#### [What you are asked to do]
Your task is to output the listing word for word, with pictures excluded.

#### [Extracted records]
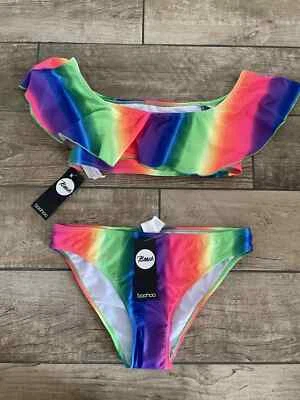Nuevo con etiquetas Bikini Boohoo Talla 10 Bardot Hombro Descubierto Arco Iris Volantes Capa Foto 1 de 4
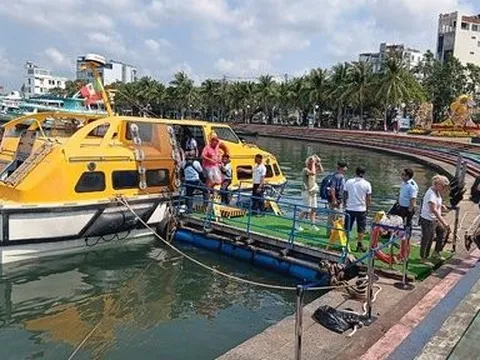 Phú Quốc đón gần 2000 du khách Châu Âu "xông đất" ngày 30 Tết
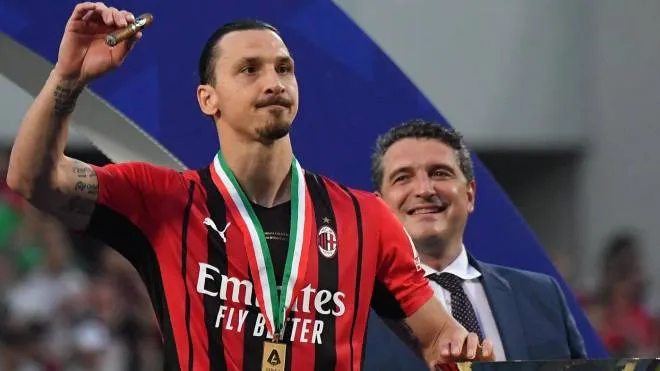 AC Milan's Swedish forward Zlatan Ibrahimovic holds his cigar during the winner's trophy ceremony after AC Milan won the Italian Serie A football match between Sassuolo and AC Milan, securing the "Scudetto" championship on May 22, 2022 at the Mapei - Citta del Tricolore stadium in Sassuolo. (Photo by Tiziana FABI / AFP)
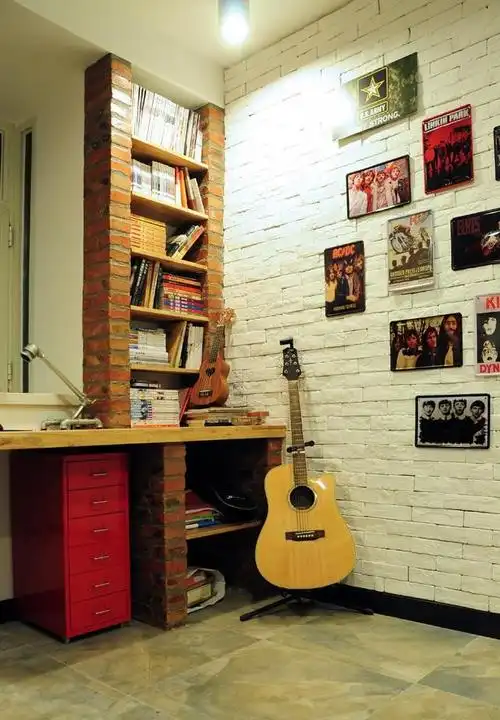 书房砖砌书桌书架装修效果图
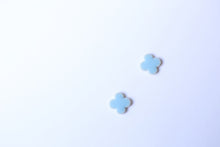 Load image into Gallery viewer, Four Leaf Stud Earrings (M)Sora 091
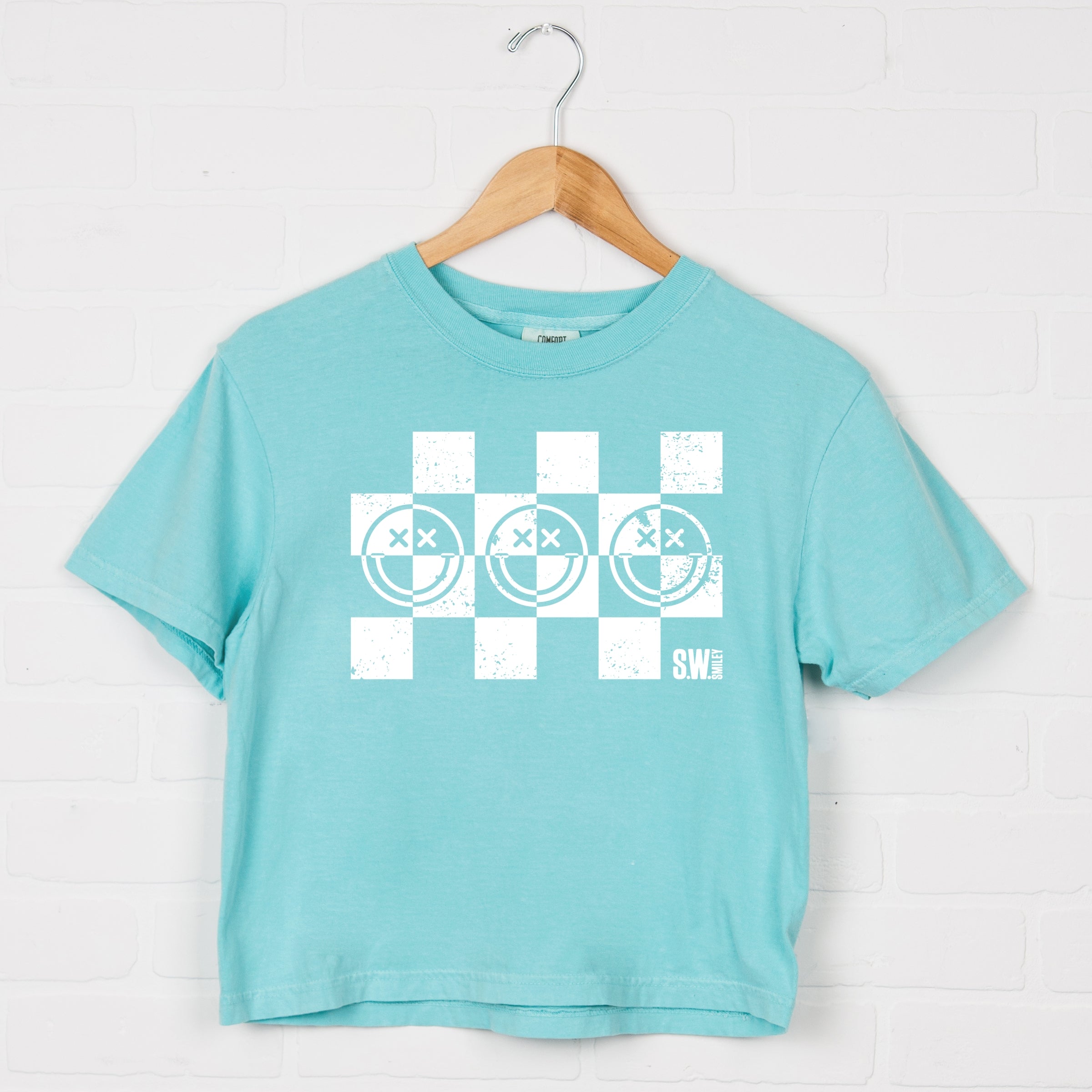 S.W.Smiley Checkered X Face - Women's Boxy Crop Top Graphic T-Shirt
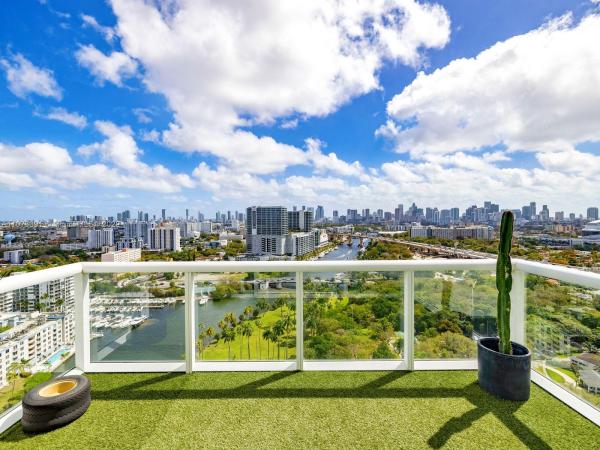 Terrazas Riverpark Village, 1861 NW S River Dr #PH9, Miami, Florida 33125, image 2
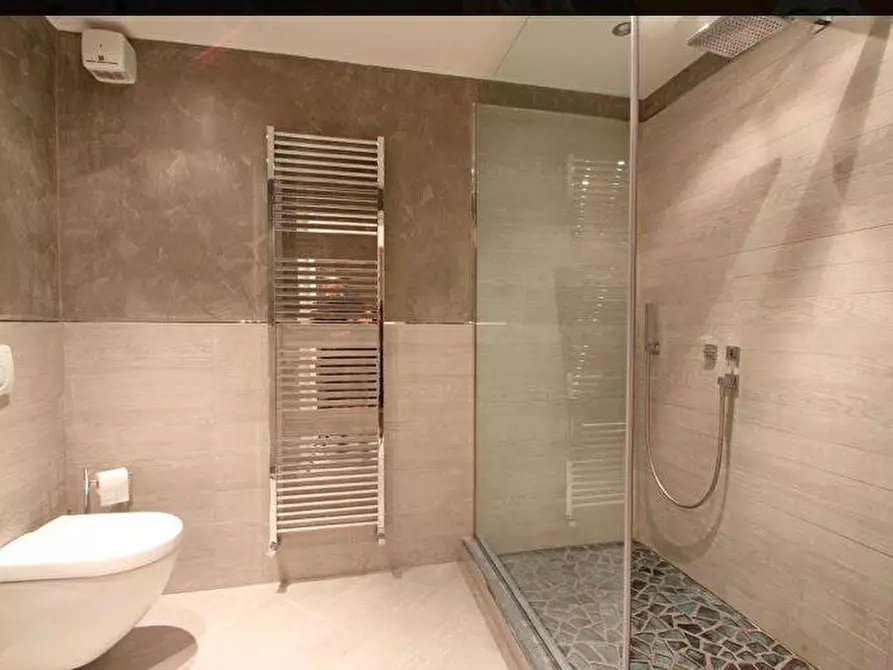 Immagine 20 di Casa indipendente in vendita  in Via Strettoia a Pietrasanta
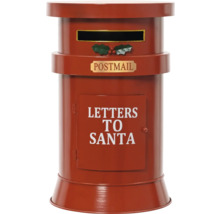 Červená vianočná poštová schránka v štýle stĺpa s nápisom Letters to Santa a ozdobou z cezmíny.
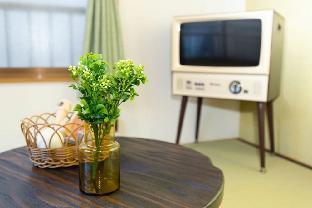 kagurazaka retro bar and hotel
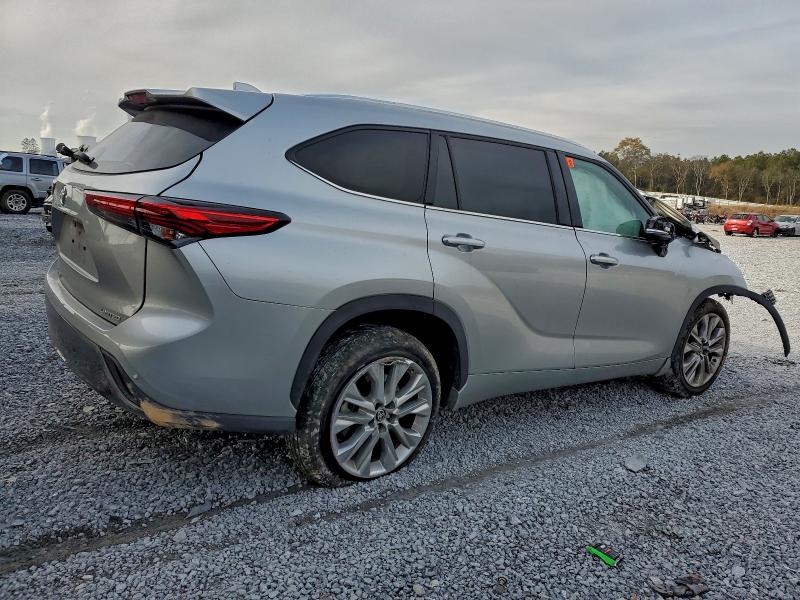 صورة رقم 3 من المزاد - 2021 TOYOTA HIGHLANDER مع VIN 5TDYZRAH5MS084482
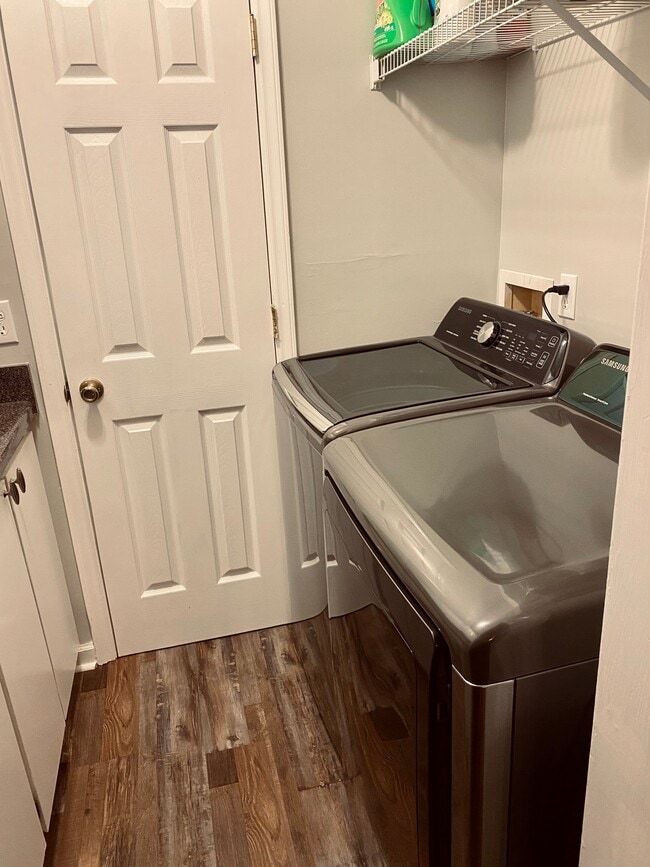 Photo - 216 Cobblestone Dr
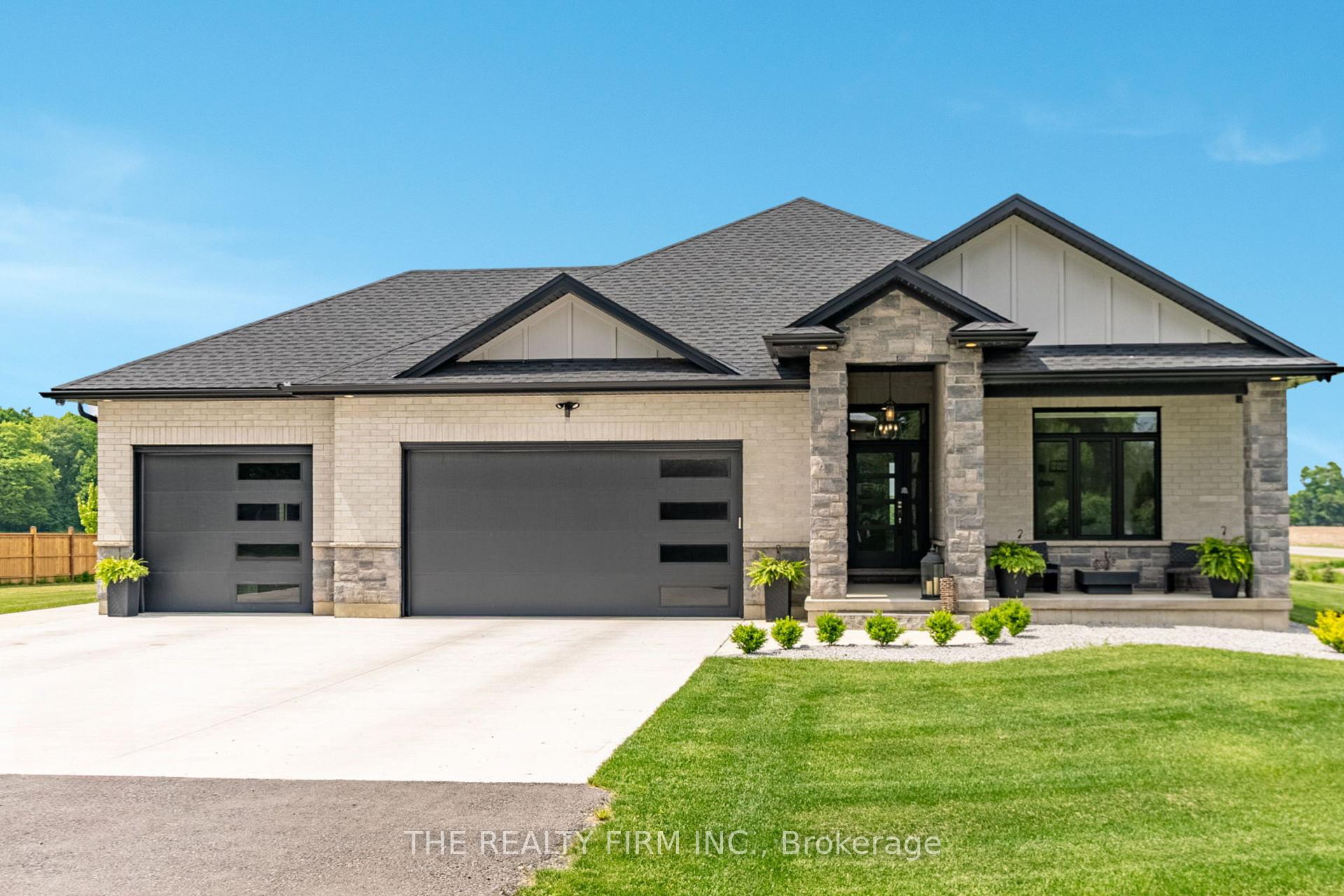 Front of 5 Grogast Court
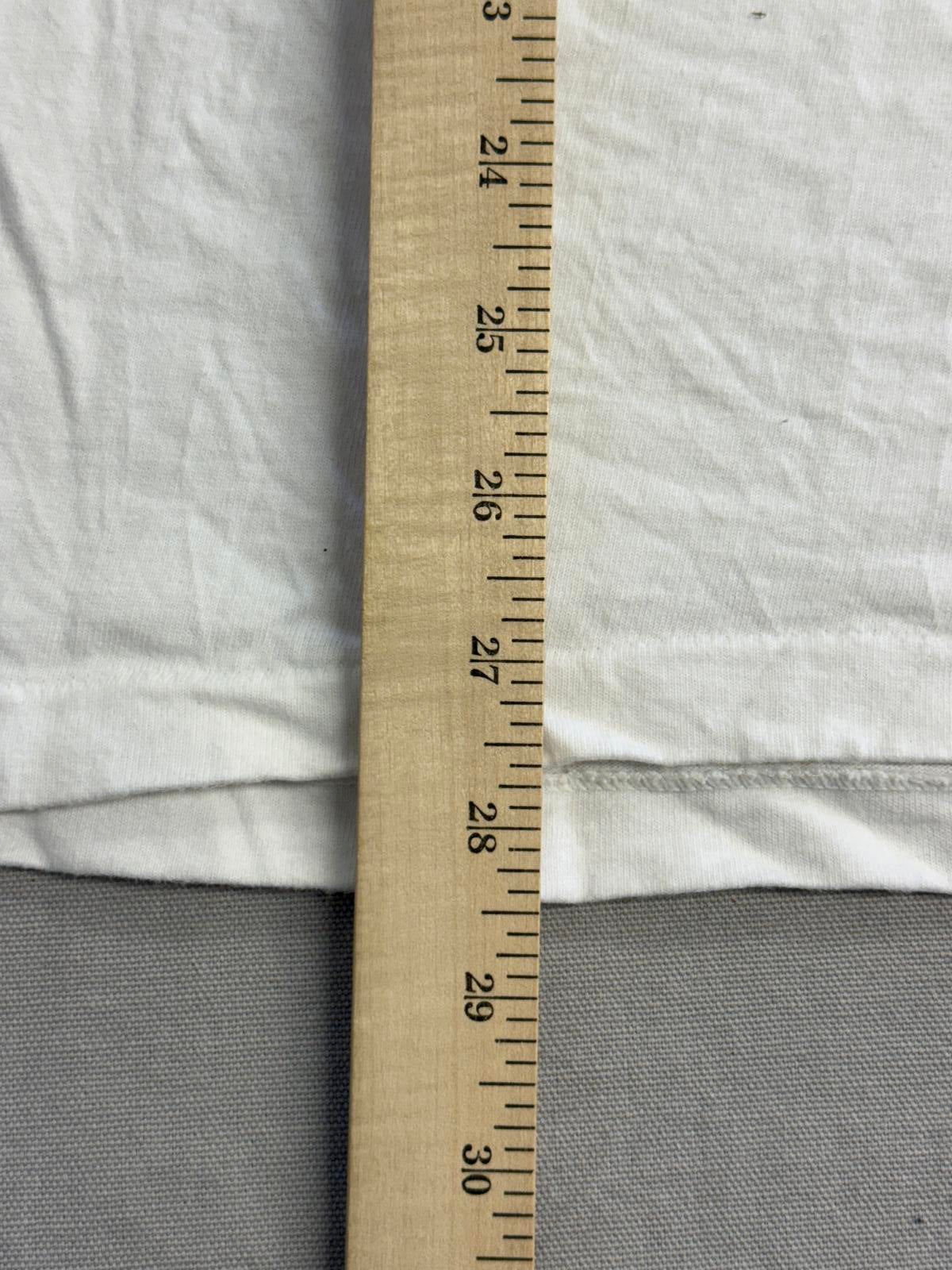 Vintage 90s T&C Surf T-shirt Town Country Balance Yin Yang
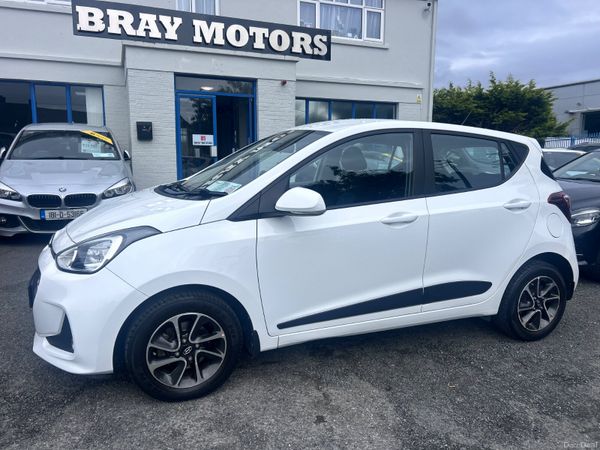 Hyundai i10 Hatchback, Petrol, 2018, White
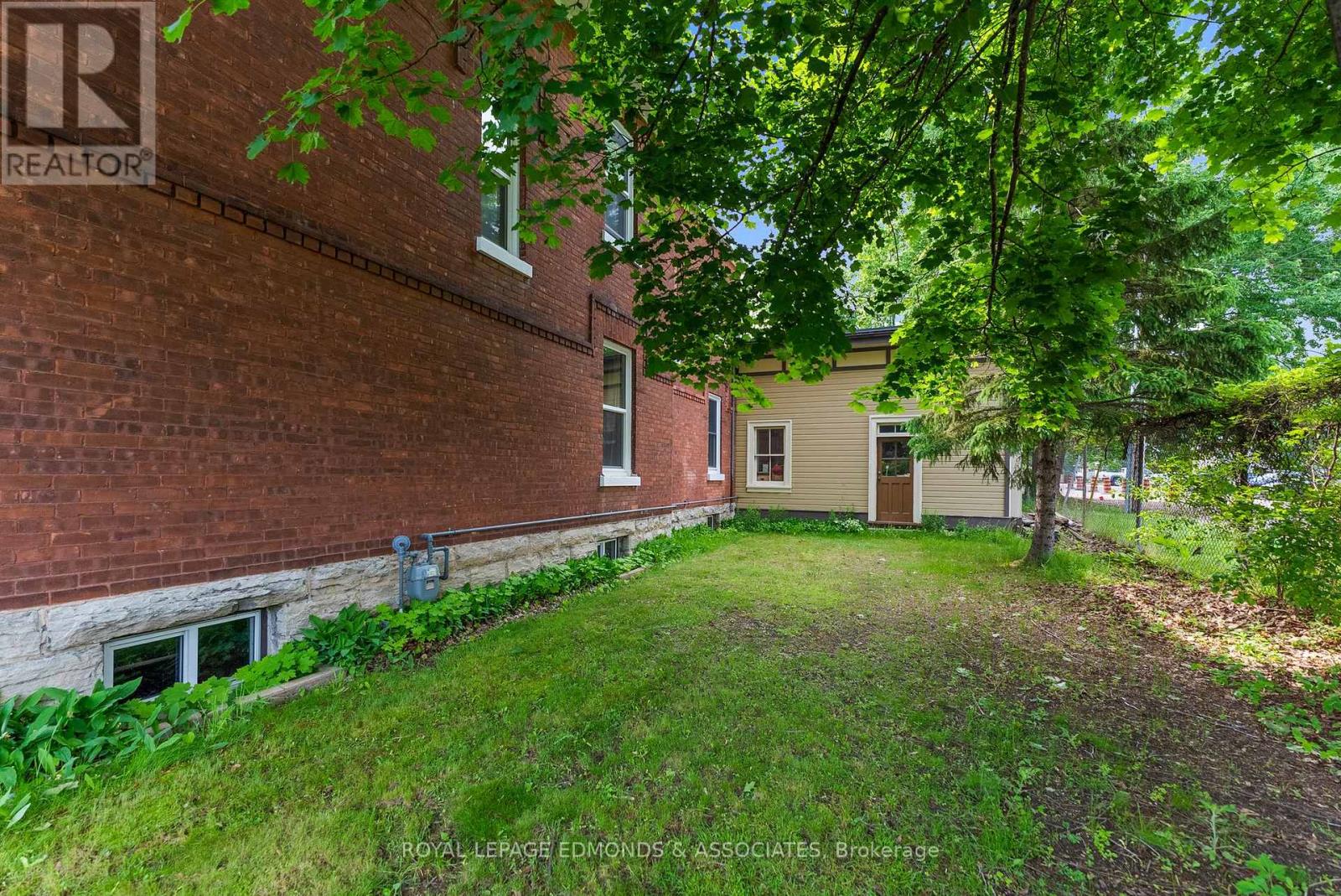 Photo 30 of 54 Isabella Street, Pembroke ON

#### [Reply to the exercise]
Nuevo con etiquetas Bikini Boohoo Talla 10 Bardot Hombro Descubierto Arco Iris Volantes Capa Foto 1 de 4
 Phú Quốc đón gần 2000 du khách Châu Âu "xông đất" ngày 30 Tết
 AC Milan's Swedish forward Zlatan Ibrahimovic holds his cigar during the winner's trophy ceremony after AC Milan won the Italian Serie A football match between Sassuolo and AC Milan, securing the "Scudetto" championship on May 22, 2022 at the Mapei - Citta del Tricolore stadium in Sassuolo. (Photo by Tiziana FABI / AFP)
 书房砖砌书桌书架装修效果图
 Load image into Gallery viewer, Four Leaf Stud Earrings (M)Sora 091
 S.W.Smiley Checkered X Face - Women's Boxy Crop Top Graphic T-Shirt
 Terrazas Riverpark Village, 1861 NW S River Dr #PH9, Miami, Florida 33125, image 2
 Immagine 20 di Casa indipendente in vendita  in Via Strettoia a Pietrasanta
 Červená vianočná poštová schránka v štýle stĺpa s nápisom Letters to Santa a ozdobou z cezmíny.
 kagurazaka retro bar and hotel
 صورة رقم 3 من المزاد - 2021 TOYOTA HIGHLANDER مع VIN 5TDYZRAH5MS084482
 Photo - 216 Cobblestone Dr
 Front of 5 Grogast Court
 Vintage 90s T&C Surf T-shirt Town Country Balance Yin Yang
 Hyundai i10 Hatchback, Petrol, 2018, White
 Photo 30 of 54 Isabella Street, Pembroke ON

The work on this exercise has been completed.